**Your task**
Your answer should be the lines from the one with "Ziener NIKOLEI Camiseta" to the end of the data below, both included, exact and free of pictures.

Captioned web image data

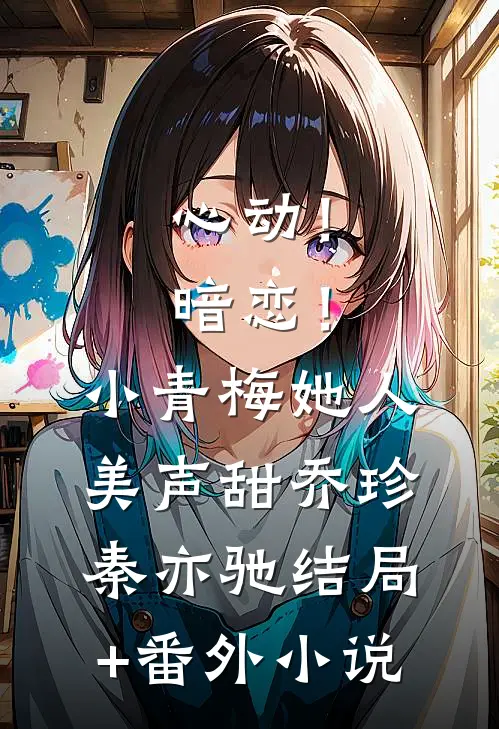 心动！暗恋！小青梅她人美声甜乔珍秦亦驰结局+番外小说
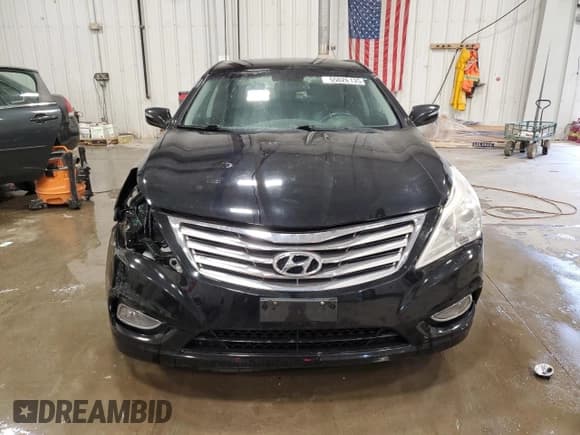 ✅ 2012 Hyundai Azera • VIN: KMHFG4JG2CA126668 • Лот: 55026135. Опубликован ранее на Copart с пробегом 135 794 миль. Бесплатный доступ к архиву аукционных продаж из США и подробный отчёт об истории автомобиля на DreamBid. Изображение 5.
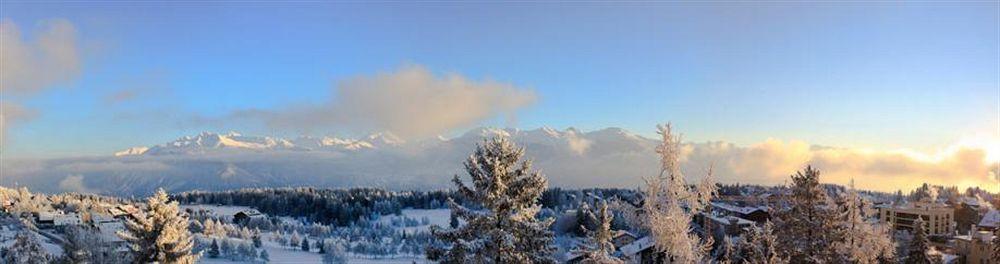 Hotel Royal Crans-Montana Luaran gambar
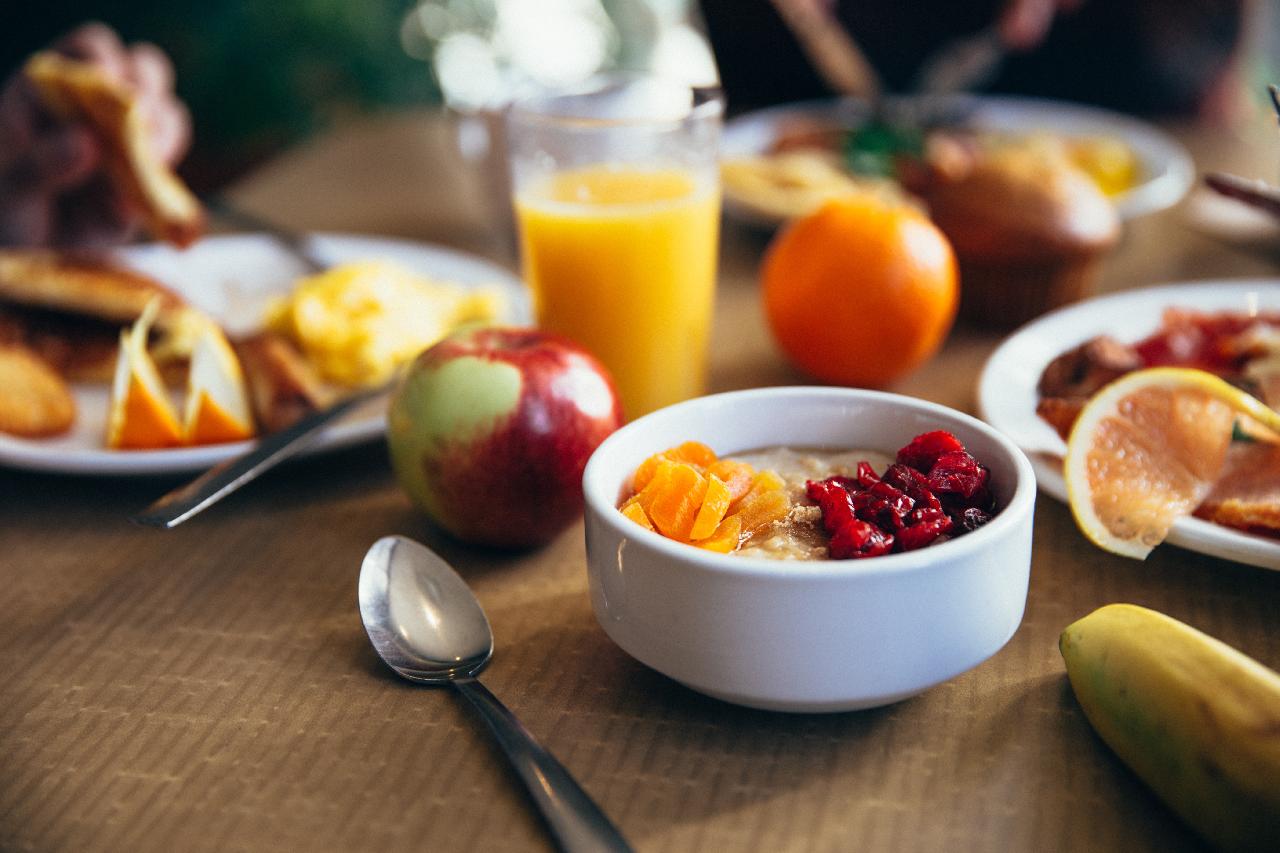 colazione ideale pre allenamento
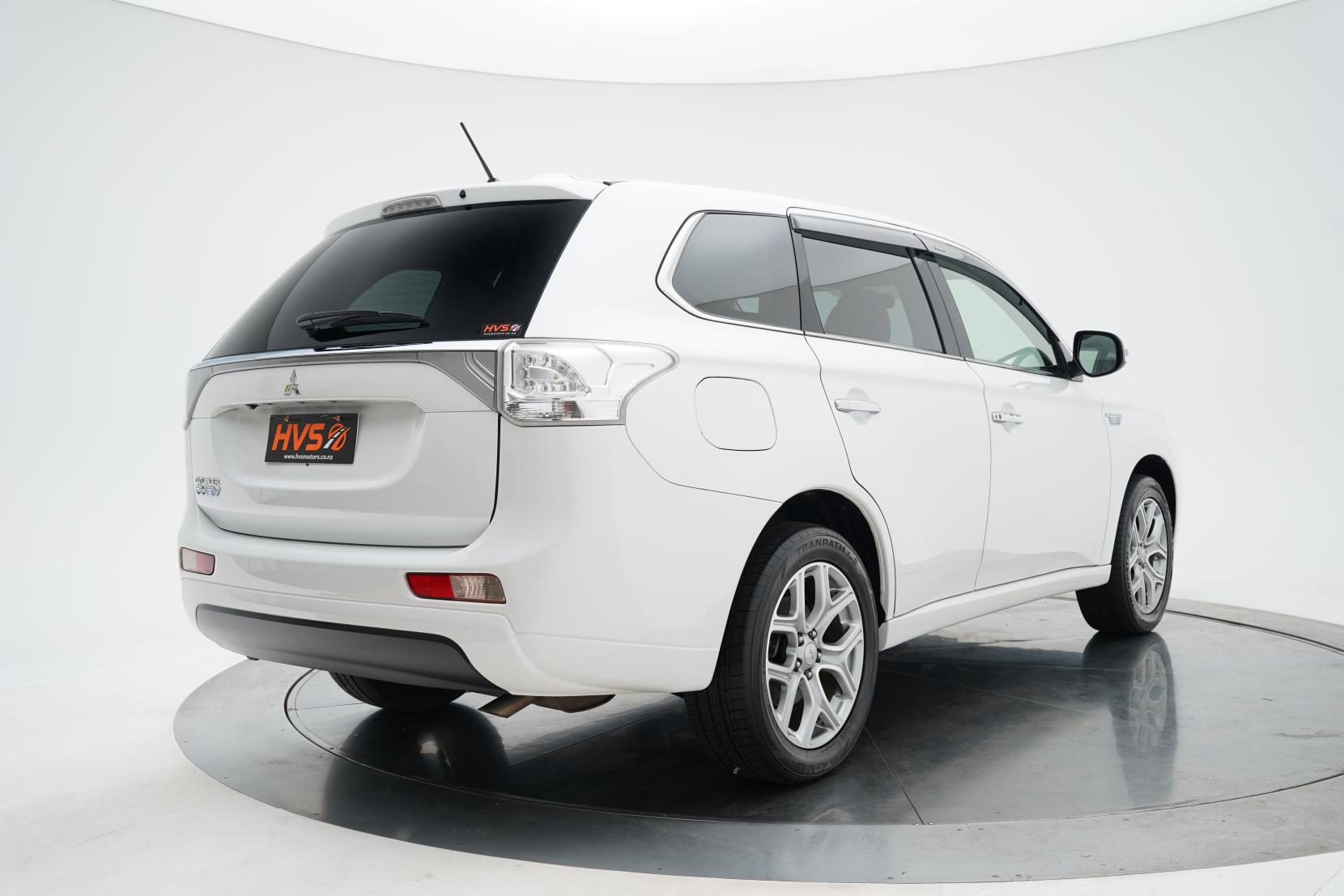 Mitsubishi Outlander 2.4 PHEV 4WD G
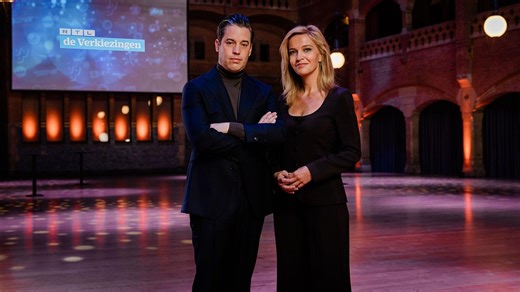 Debat gemist? De hoogtepunten uit het eerste grote tv-debat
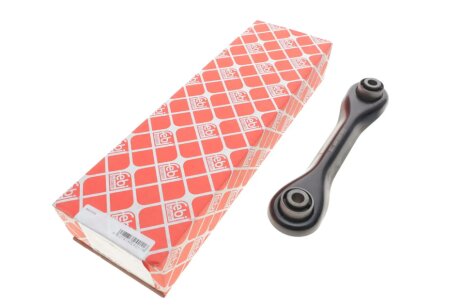 Важіль підвіски (задній/знизу) Mazda 3/5/Ford Focus/Volvo (C30/C70/S40) 04- (поперечний) FEBI BILSTEIN 24211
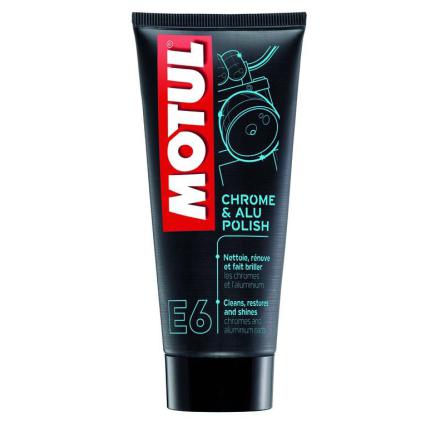 Motul Chrome &amp; Alu Polish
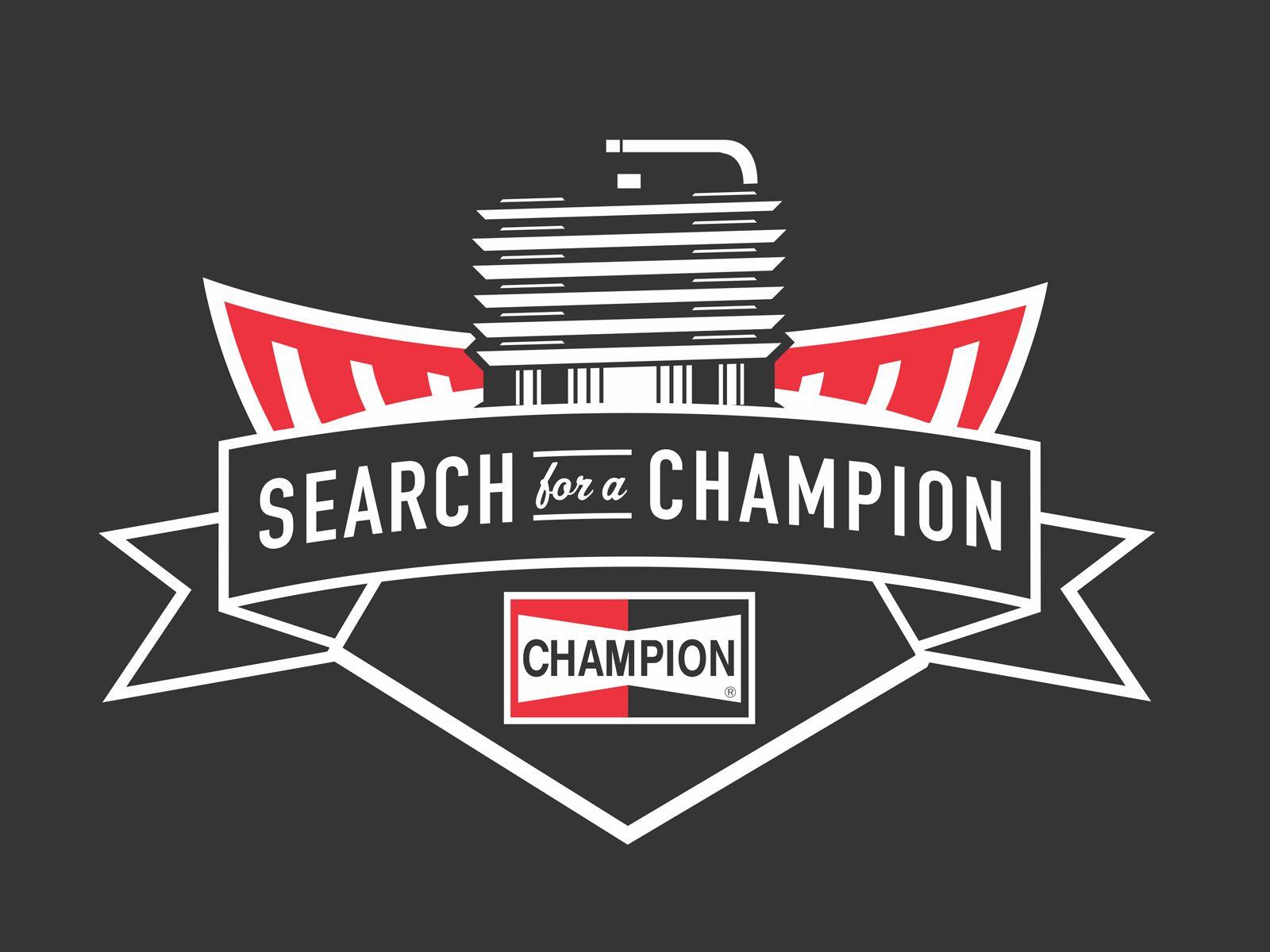 1965 Champion Spark Plug Logo - Champion Spark Plugs Needs Help Picking Race Sponsorship Winner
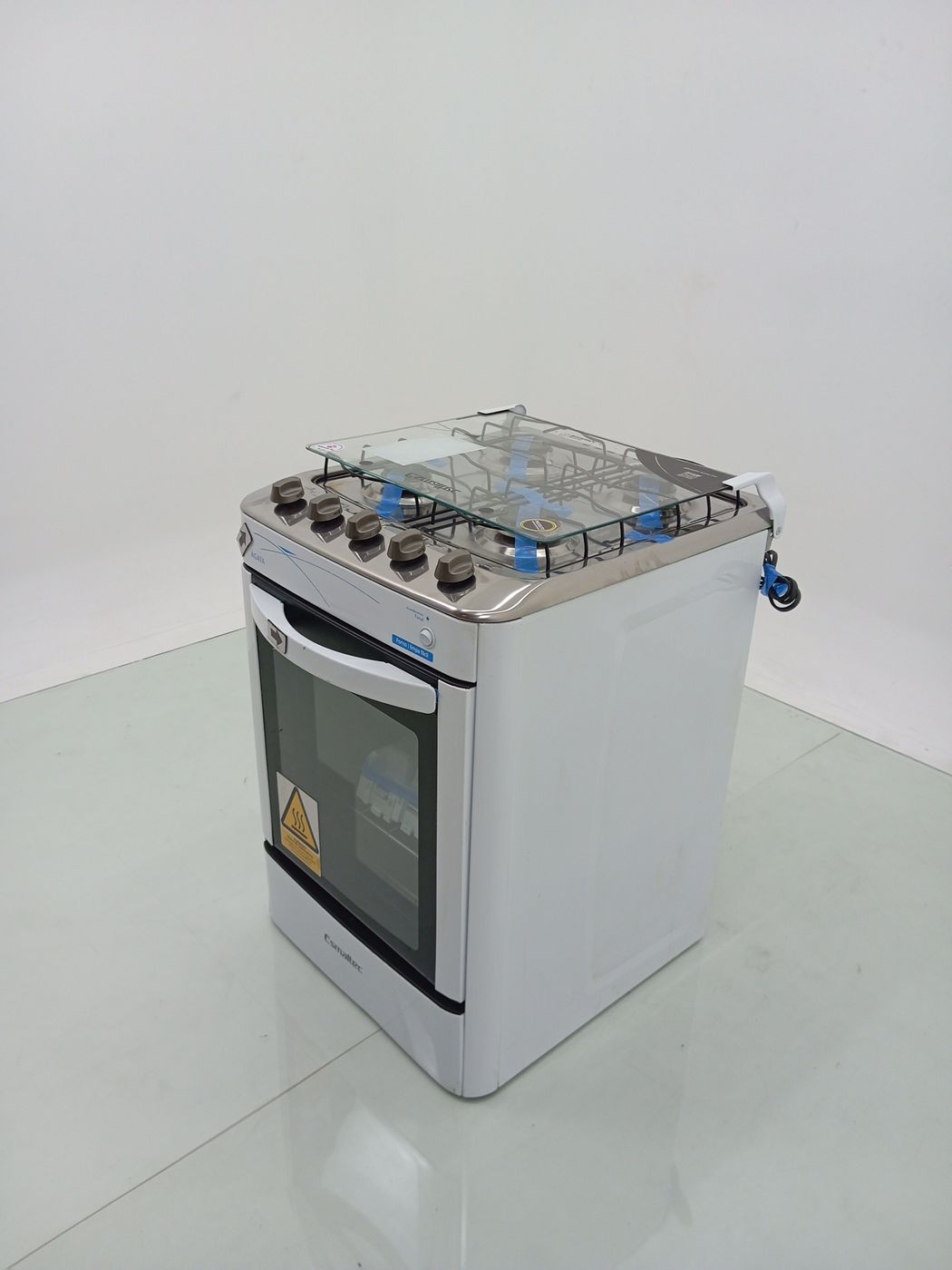 FOGAO ESMALTEC AGATA A GAS C/ ACENDIMENTO AUT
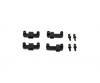 X 10 EB DirtWarrior Turnbuckle Holder Set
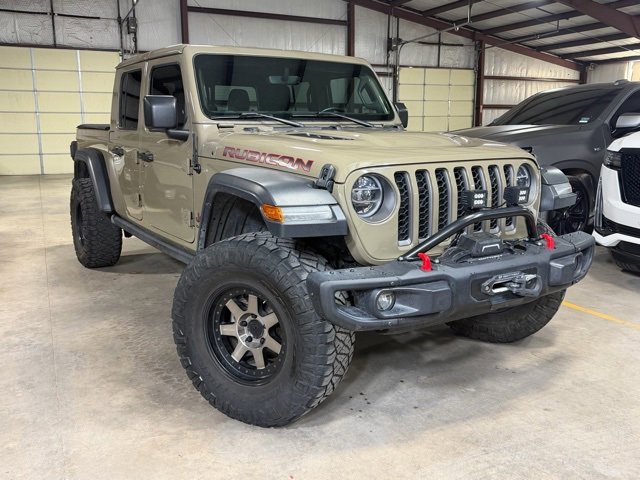 Used 2020 Jeep Gladiator Rubicon image 1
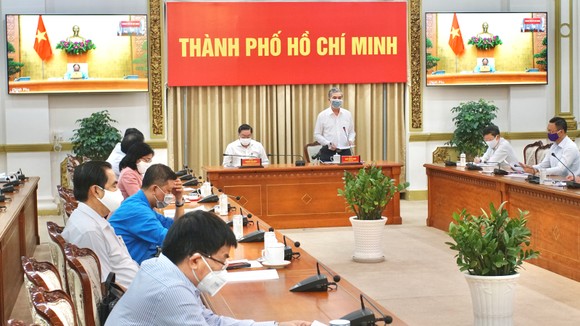 Đến ngày 10-8 sẽ có kết quả xét nghiệm toàn bộ số người từ Đà Nẵng về TPHCM từ ngày 1-7 ảnh 3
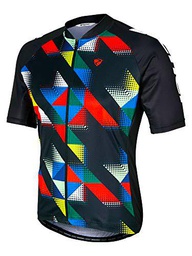 Ziener NIKOLEI Camiseta Maillot de Ciclismo-Mountain Bike/Bicicleta de Carreras-Transpirable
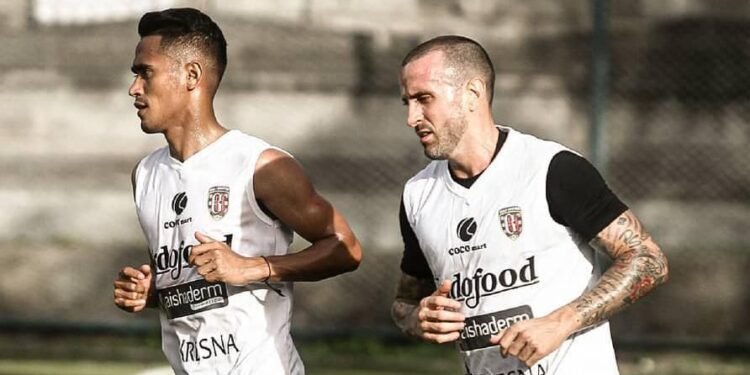 10 Pemain Asing Eks Liga 1 Bebas Transfer, Nomor 6 Pernah Bermain di Mantan Klub Cristiano Ronaldo 1 10 Pemain Asing Eks Liga 1 Bebas Transfer, Nomor 6 Pernah Bermain di Mantan Klub Cristiano Ronaldo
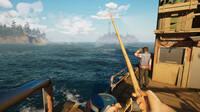 Los zombis no saben nadar pero otros jugadores sí pueden robarte el barco en Last Harbor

**Exercise result**
 Ziener NIKOLEI Camiseta Maillot de Ciclismo-Mountain Bike/Bicicleta de Carreras-Transpirable
 10 Pemain Asing Eks Liga 1 Bebas Transfer, Nomor 6 Pernah Bermain di Mantan Klub Cristiano Ronaldo 1 10 Pemain Asing Eks Liga 1 Bebas Transfer, Nomor 6 Pernah Bermain di Mantan Klub Cristiano Ronaldo
 Los zombis no saben nadar pero otros jugadores sí pueden robarte el barco en Last Harbor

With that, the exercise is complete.